Sal Natale, a retired dentist who lives near Tampa, Florida, said prescription premiums for him and his wife are going up about 30 percent next year, and he doesn’t see a good alternative.
“I’m just going to grin and bear and hope it starts moderating,” Natale said. The couple is signed up in the Humana Enhanced plan, one of the top 10. Nationally, premiums for that plan are going up by about $13 a month, according to the Kaiser foundation.
Indicators signal rising costs across the program. Among them:
—independent estimates by Kaiser and the consulting firm Avalere Health show increasing premiums for stand-alone drug plans. The average premium will rise from $36.68 to $41.46 per month next year, or 13 percent, according to Kaiser. Even if many beneficiaries switch to lower-cost options, it’s likely to be the biggest increase since 2009.
—the maximum deductible for prescription coverage will rise by $40, to $360. That’s the biggest increase in the deductible since the inception of Part D in 2006. The deductible is the amount of drug costs that beneficiaries must pay each year before their insurance kicks in.
—taxpayer expenditures for the “catastrophic” portion of the benefit — in which beneficiaries with high drug bills pay only 5 percent of the cost — will rise by $4.5 billion in 2016, an increase of more than 14 percent. Spending for catastrophic coverage has doubled in just a short time, from $15.5 billion in 2012 to an estimated $31.2 billion this year.
The analyses from Kaiser and Avalere are seemingly at odds with the message coming from the Obama administration, which estimates that drug premiums will remain stable in 2016, averaging $32.50 a month.
But the administration and the independent analysts measure differently. For example, the administration adjusts its number for the estimated impact of people assumed to be switching to lower-premium plans.
The outside analysts don’t make similar assumptions. Instead, they focus on what’s happening to premiums in the plans for which people are currently signed up.
Nationally, average premiums are going up by more than 15 percent in five of the top eight plans, according to the Kaiser study. Two plans will see single-digit increases. One plan — SilverScript Choice — will see a small reduction. The most popular plan — AARP MedicareRx Preferred — will go up from $50.19 to $60.79, a 21 percent increase.
Sean Cavanaugh, deputy administrator at the Centers for Medicare and Medicaid Services, said the administration has a good track record with its estimates. “We do think ours is more illustrative of what beneficiaries actually experience,” he said.
Cavanaugh did say the administration is concerned about the cost of new breakthrough drugs.
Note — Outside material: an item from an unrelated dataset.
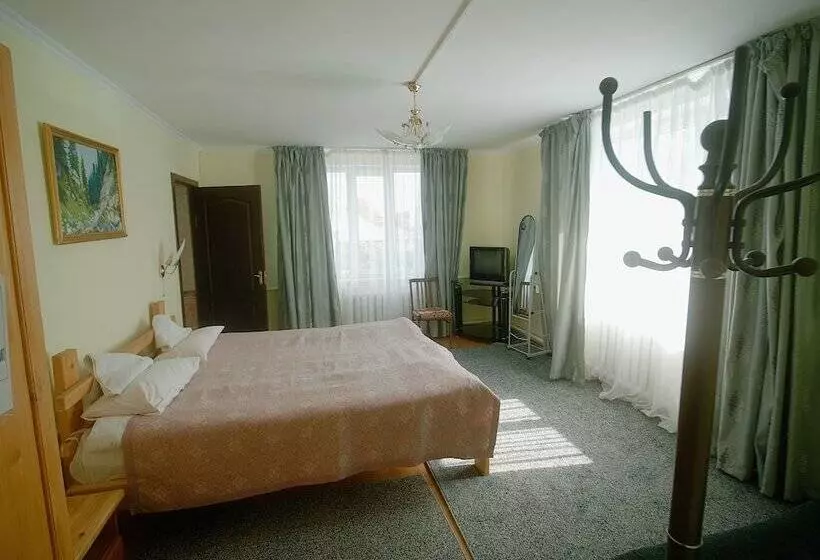 پانسیون Guesthouse Alakol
The insurers who deliver Medicare’s prescription benefit have limited options for bargaining down the prices of those medications, because usually there’s no competing alternative.
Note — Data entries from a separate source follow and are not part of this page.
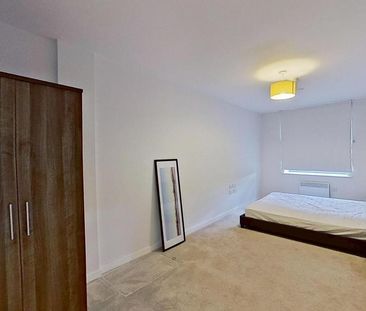 2 bedroom flat to rent - Photo 4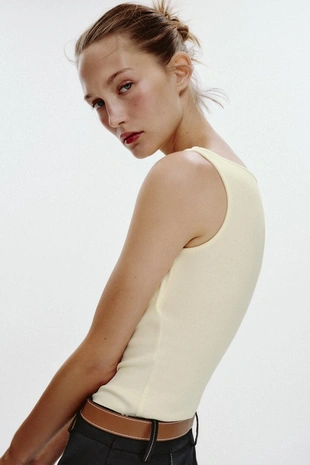 Футболка в рубчик с открытыми плечами- Заказать в России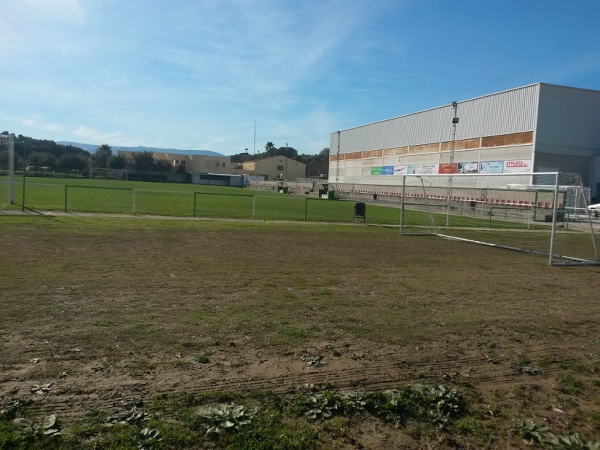 La Junta de Gobierno de Los Barrios adjudica la obra de reconstrucción del muro del campo de fútbol de Los Cortijillos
“The challenge in the Part D program is around high-cost specialty drugs,” said Cavanaugh. “We certainly have to be concerned about anything that’s driving that much cost in our program.”
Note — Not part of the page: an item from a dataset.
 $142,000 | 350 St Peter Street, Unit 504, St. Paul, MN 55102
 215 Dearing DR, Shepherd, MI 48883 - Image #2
With polls showing that drug costs are the top health care issue for the public, presidential candidates are weighing in. Options they propose range from giving Medicare direct authority to negotiate drug prices, backed by Democrat Hillary Rodham Clinton, to speeding up approval of new drugs, advanced by Republican Jeb Bush.
Consumer advocates are skeptical that seniors shopping for better deals will be sufficient to blunt the cost increases.
Finding a new plan can be overwhelming, said Bonnie Burns, a longtime Medicare counselor with nonprofit California Health Advocates. “People can’t deal with the complexity of deductibles, coverage tiers, and prior approval,” she said.
Natale, the Florida retiree, says he’s not sure what the right answer is. He’s wary of government controls on private industry, but the relentless growth of costs worries him.
“I really don’t think I have much of an option for protecting me and my wife if I get some serious illness and I need big-time drugs,” he said.